(Dataset entries)
-- Opening Marker --
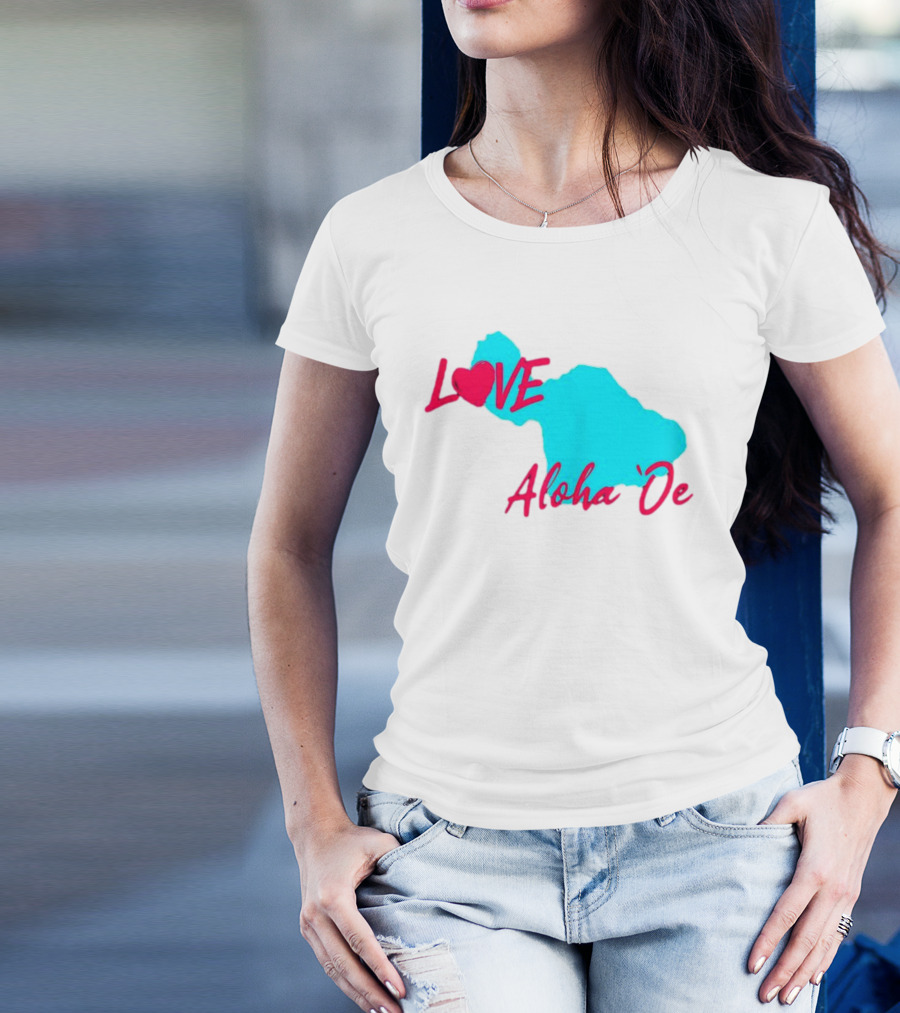 LOVE Aloha 'Oe Maui Island Map T-Shirt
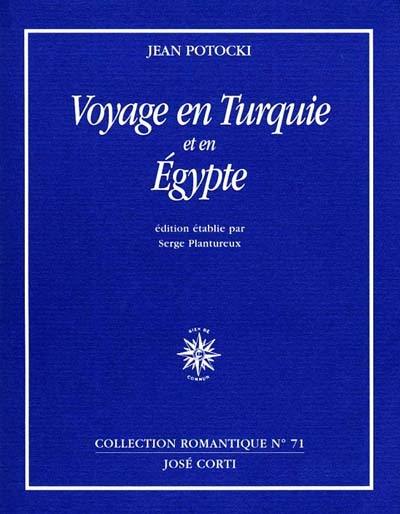 Voyages en Turquie et en Egypte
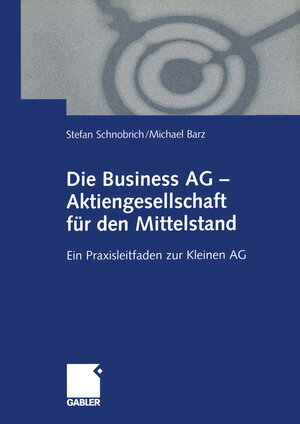 Die Business AG - Aktiengesellschaft für den Mittelstand. Ein Praxisleitfaden zur Kleinen AG
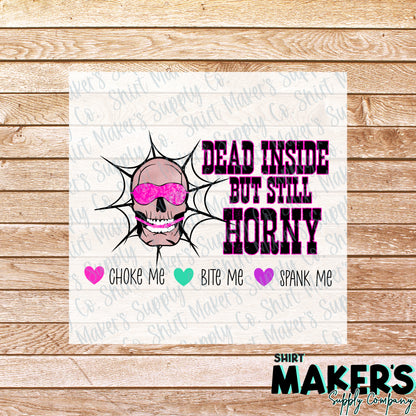 Dead Inside, But Still Horny Valentine's Day DTF Transfer - or- Hat Patch, Acrylic, Magnet, or Keychain
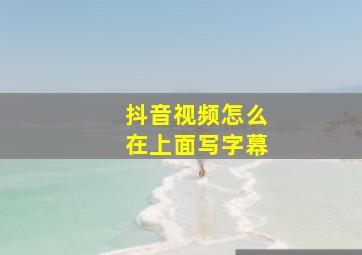 抖音视频怎么在上面写字幕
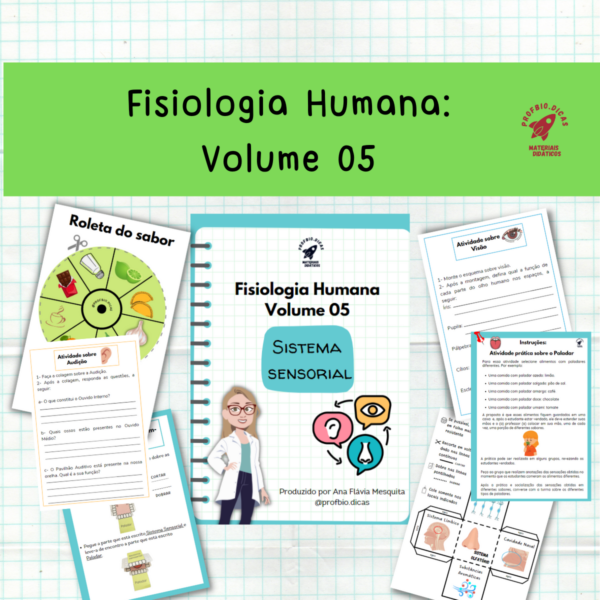 Volume 05 - Fisiologia Humana Sistema sensorial: visão, paladar, olfato, audição e tato
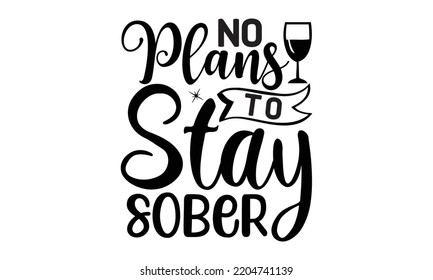No Plans To Stay Sober - Alcohol Svg T Shirt Design, Girl Beer Design, Prost, Pretzels And Beer, Calligraphy Graphic Design, SVG Files For Cutting Cricut And Silhouette, EPS 10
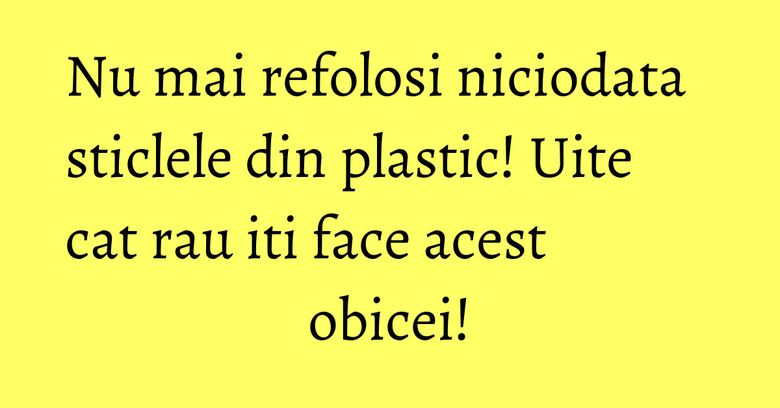 Nu mai refolosi niciodata sticlele din plastic! Uite cat rau iti face acest obicei!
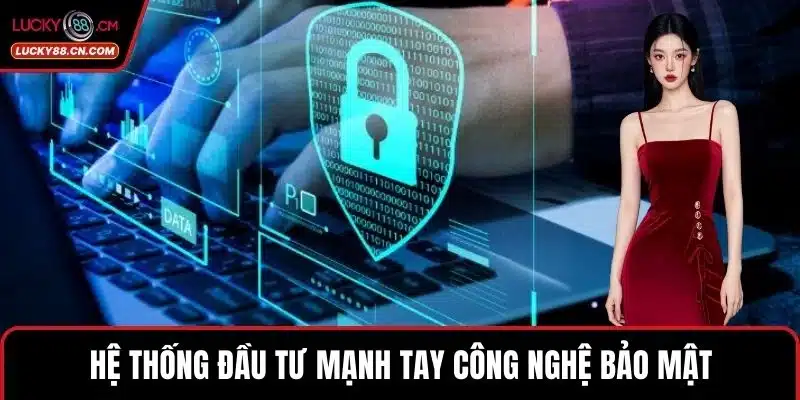 LUCKY88 Có Uy Tín Không? Minh Chứng Giải Đáp Rõ Nhất 4 Hệ thống đầu tư mạnh tay công nghệ bảo mật
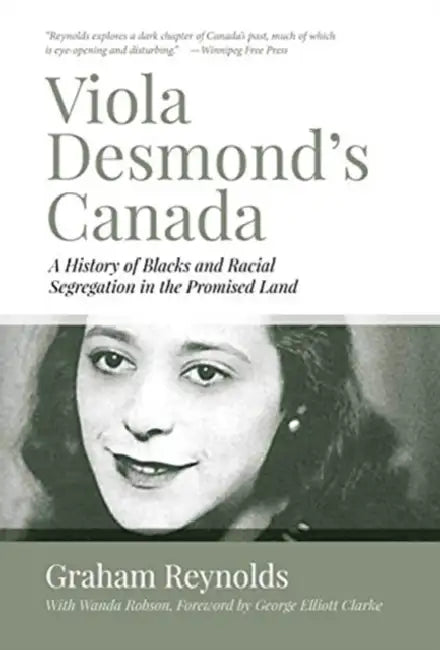 Viola Desmond's Canada: A History of Blacks and Racial Segregation in the Promised Land by Graham Reynolds, George Elliott Clarke, Wanda Robson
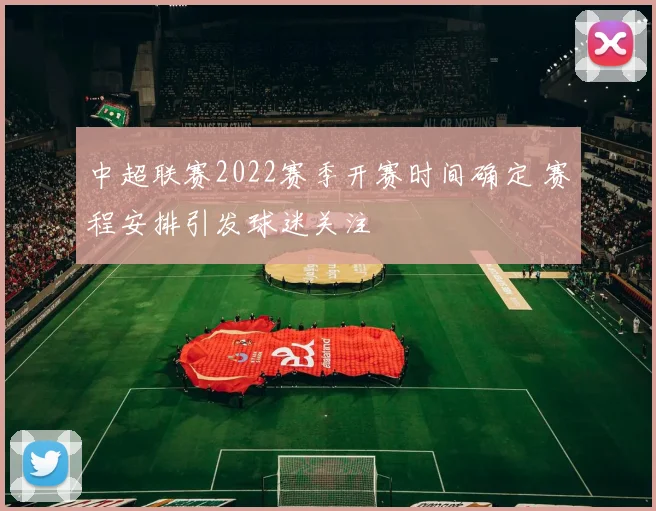 中超联赛2022赛季开赛时间确定 赛程安排引发球迷关注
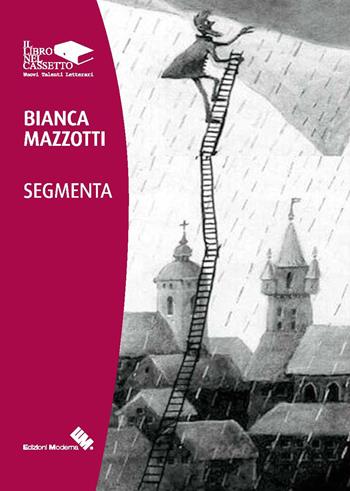 Segmenta - Bianca Mazzotti - Libro Moderna (Ravenna) 2015 | Libraccio.it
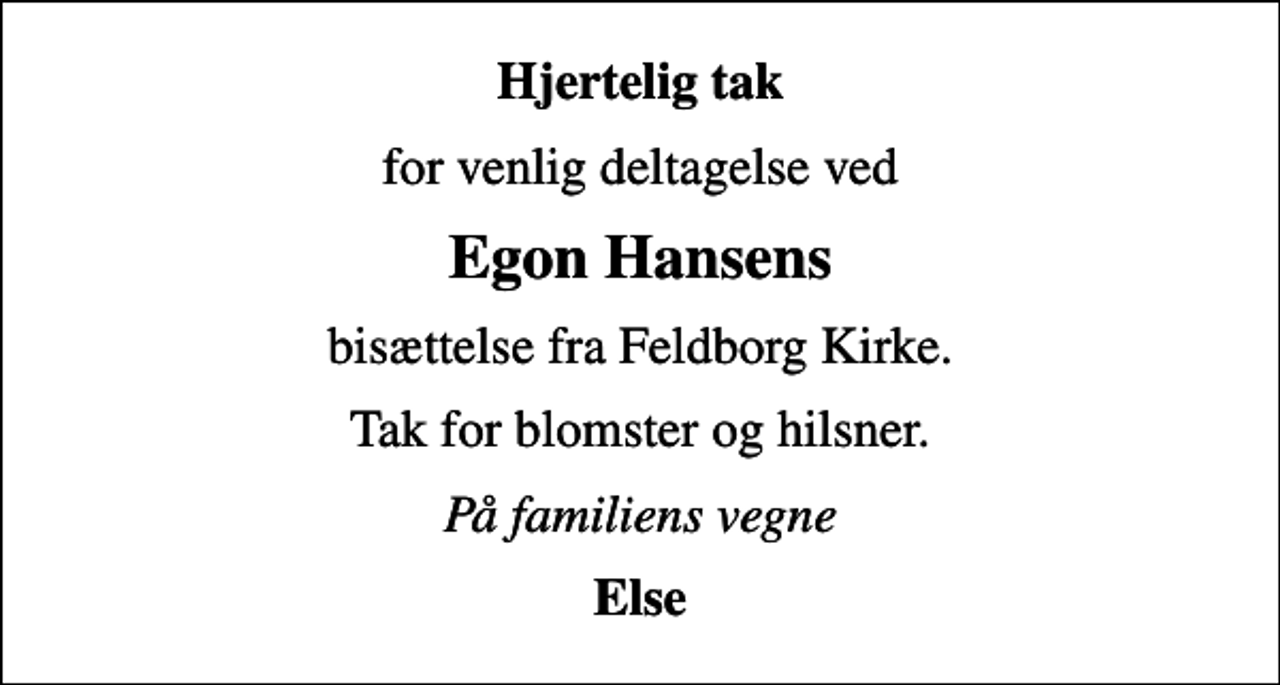 <p>Hjertelig tak<br />for venlig deltagelse ved<br />Egon Hansens<br />bisættelse fra Feldborg Kirke.<br />Tak for blomster og hilsner.<br />På familiens vegne<br />Else</p>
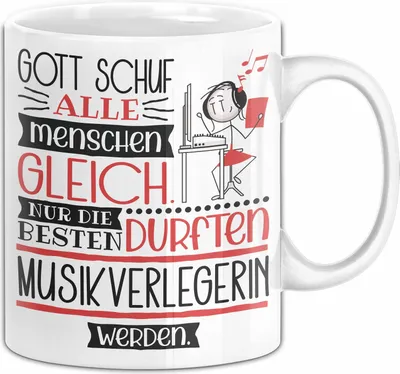 Produktbild von Musikverlegerin Geschenk Becher Tasse Gott Schuf Alle Menschen Gleich Nur Die Besten Durfeten Musikverlegerin Werden Geschenkidee Lustig (Weiß)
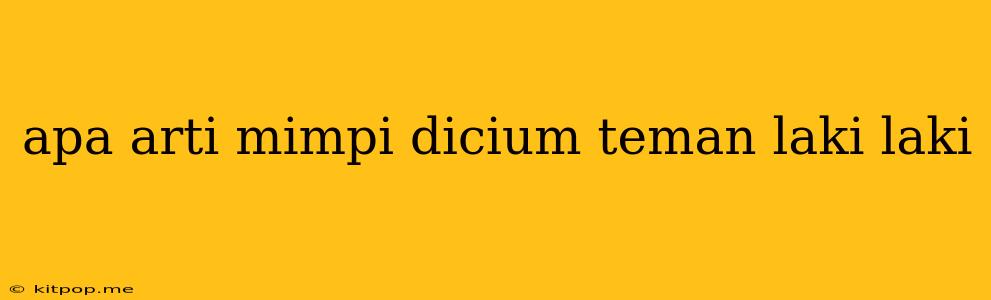 Apa Arti Mimpi Dicium Teman Laki Laki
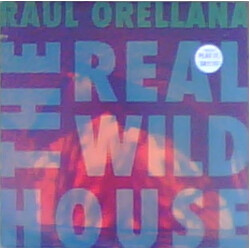 Raúl Orellana The Real Wild House VINYL 12" USED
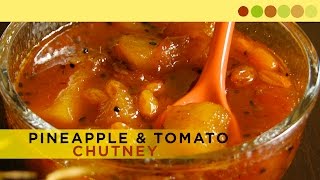 Pineapple \u0026 Tomato Chutney | Easy \u0026 Quick Recipe | Chef Atul Kochhar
-- Closing Marker --
After locating "No Plans To" and "Nu mai refolosi" in the records above, return exactly the line holding each one and every line between them; leave out the pictures.

No Plans To Stay Sober - Alcohol Svg T Shirt Design, Girl Beer Design, Prost, Pretzels And Beer, Calligraphy Graphic Design, SVG Files For Cutting Cricut And Silhouette, EPS 10
 Nu mai refolosi niciodata sticlele din plastic! Uite cat rau iti face acest obicei!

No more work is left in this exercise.